** Given information follows **

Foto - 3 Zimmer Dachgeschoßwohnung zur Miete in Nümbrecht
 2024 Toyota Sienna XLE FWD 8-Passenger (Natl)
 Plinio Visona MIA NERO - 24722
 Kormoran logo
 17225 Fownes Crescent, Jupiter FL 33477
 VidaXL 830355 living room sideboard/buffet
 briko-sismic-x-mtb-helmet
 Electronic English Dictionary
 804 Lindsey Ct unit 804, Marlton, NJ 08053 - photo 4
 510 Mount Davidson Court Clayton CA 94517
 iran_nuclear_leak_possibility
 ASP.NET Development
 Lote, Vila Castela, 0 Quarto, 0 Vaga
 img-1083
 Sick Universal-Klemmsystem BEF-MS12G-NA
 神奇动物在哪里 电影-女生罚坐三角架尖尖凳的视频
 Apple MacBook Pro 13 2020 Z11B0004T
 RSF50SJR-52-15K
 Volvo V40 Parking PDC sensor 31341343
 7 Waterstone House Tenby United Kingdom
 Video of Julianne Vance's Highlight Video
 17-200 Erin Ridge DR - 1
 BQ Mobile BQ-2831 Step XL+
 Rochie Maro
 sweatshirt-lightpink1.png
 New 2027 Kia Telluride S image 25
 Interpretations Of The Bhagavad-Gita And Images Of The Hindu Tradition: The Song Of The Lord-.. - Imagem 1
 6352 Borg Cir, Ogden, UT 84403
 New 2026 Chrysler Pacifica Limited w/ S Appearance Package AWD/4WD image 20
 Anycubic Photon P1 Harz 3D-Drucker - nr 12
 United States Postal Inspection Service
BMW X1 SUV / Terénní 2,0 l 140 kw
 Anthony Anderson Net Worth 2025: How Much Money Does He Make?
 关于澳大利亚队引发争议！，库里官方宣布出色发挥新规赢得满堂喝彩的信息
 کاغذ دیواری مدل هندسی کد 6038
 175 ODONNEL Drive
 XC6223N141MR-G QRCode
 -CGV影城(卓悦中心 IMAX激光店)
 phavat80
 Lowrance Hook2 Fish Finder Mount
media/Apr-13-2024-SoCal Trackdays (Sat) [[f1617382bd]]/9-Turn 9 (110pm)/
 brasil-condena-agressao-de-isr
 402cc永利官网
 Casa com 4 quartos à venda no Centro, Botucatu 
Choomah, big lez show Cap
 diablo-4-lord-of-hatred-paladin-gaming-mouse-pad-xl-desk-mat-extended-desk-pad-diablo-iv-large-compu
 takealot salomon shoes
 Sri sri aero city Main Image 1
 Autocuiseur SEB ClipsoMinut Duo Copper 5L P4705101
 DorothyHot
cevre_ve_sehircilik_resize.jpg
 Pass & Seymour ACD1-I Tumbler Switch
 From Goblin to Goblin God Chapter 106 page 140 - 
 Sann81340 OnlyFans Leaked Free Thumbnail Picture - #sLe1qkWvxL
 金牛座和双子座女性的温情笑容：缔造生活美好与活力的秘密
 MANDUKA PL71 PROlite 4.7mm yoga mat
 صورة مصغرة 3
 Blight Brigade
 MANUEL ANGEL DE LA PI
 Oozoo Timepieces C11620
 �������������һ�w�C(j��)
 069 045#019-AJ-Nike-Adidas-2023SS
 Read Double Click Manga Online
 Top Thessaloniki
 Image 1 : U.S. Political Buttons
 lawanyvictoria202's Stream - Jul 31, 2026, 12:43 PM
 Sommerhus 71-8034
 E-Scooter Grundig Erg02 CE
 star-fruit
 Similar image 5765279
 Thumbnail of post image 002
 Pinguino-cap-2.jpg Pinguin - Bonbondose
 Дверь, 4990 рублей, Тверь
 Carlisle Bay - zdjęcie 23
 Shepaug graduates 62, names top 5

** End of Given information **

Task to complete:
Set the data above down again in full, exactly as it reads.

The completed task:
Foto - 3 Zimmer Dachgeschoßwohnung zur Miete in Nümbrecht
 2024 Toyota Sienna XLE FWD 8-Passenger (Natl)
 Plinio Visona MIA NERO - 24722
 Kormoran logo
 17225 Fownes Crescent, Jupiter FL 33477
 VidaXL 830355 living room sideboard/buffet
 briko-sismic-x-mtb-helmet
 Electronic English Dictionary
 804 Lindsey Ct unit 804, Marlton, NJ 08053 - photo 4
 510 Mount Davidson Court Clayton CA 94517
 iran_nuclear_leak_possibility
 ASP.NET Development
 Lote, Vila Castela, 0 Quarto, 0 Vaga
 img-1083
 Sick Universal-Klemmsystem BEF-MS12G-NA
 神奇动物在哪里 电影-女生罚坐三角架尖尖凳的视频
 Apple MacBook Pro 13 2020 Z11B0004T
 RSF50SJR-52-15K
 Volvo V40 Parking PDC sensor 31341343
 7 Waterstone House Tenby United Kingdom
 Video of Julianne Vance's Highlight Video
 17-200 Erin Ridge DR - 1
 BQ Mobile BQ-2831 Step XL+
 Rochie Maro
 sweatshirt-lightpink1.png
 New 2027 Kia Telluride S image 25
 Interpretations Of The Bhagavad-Gita And Images Of The Hindu Tradition: The Song Of The Lord-.. - Imagem 1
 6352 Borg Cir, Ogden, UT 84403
 New 2026 Chrysler Pacifica Limited w/ S Appearance Package AWD/4WD image 20
 Anycubic Photon P1 Harz 3D-Drucker - nr 12
 United States Postal Inspection Service
BMW X1 SUV / Terénní 2,0 l 140 kw
 Anthony Anderson Net Worth 2025: How Much Money Does He Make?
 关于澳大利亚队引发争议！，库里官方宣布出色发挥新规赢得满堂喝彩的信息
 کاغذ دیواری مدل هندسی کد 6038
 175 ODONNEL Drive
 XC6223N141MR-G QRCode
 -CGV影城(卓悦中心 IMAX激光店)
 phavat80
 Lowrance Hook2 Fish Finder Mount
media/Apr-13-2024-SoCal Trackdays (Sat) [[f1617382bd]]/9-Turn 9 (110pm)/
 brasil-condena-agressao-de-isr
 402cc永利官网
 Casa com 4 quartos à venda no Centro, Botucatu 
Choomah, big lez show Cap
 diablo-4-lord-of-hatred-paladin-gaming-mouse-pad-xl-desk-mat-extended-desk-pad-diablo-iv-large-compu
 takealot salomon shoes
 Sri sri aero city Main Image 1
 Autocuiseur SEB ClipsoMinut Duo Copper 5L P4705101
 DorothyHot
cevre_ve_sehircilik_resize.jpg
 Pass & Seymour ACD1-I Tumbler Switch
 From Goblin to Goblin God Chapter 106 page 140 - 
 Sann81340 OnlyFans Leaked Free Thumbnail Picture - #sLe1qkWvxL
 金牛座和双子座女性的温情笑容：缔造生活美好与活力的秘密
 MANDUKA PL71 PROlite 4.7mm yoga mat
 صورة مصغرة 3
 Blight Brigade
 MANUEL ANGEL DE LA PI
 Oozoo Timepieces C11620
 �������������һ�w�C(j��)
 069 045#019-AJ-Nike-Adidas-2023SS
 Read Double Click Manga Online
 Top Thessaloniki
 Image 1 : U.S. Political Buttons
 lawanyvictoria202's Stream - Jul 31, 2026, 12:43 PM
 Sommerhus 71-8034
 E-Scooter Grundig Erg02 CE
 star-fruit
 Similar image 5765279
 Thumbnail of post image 002
 Pinguino-cap-2.jpg Pinguin - Bonbondose
 Дверь, 4990 рублей, Тверь
 Carlisle Bay - zdjęcie 23
 Shepaug graduates 62, names top 5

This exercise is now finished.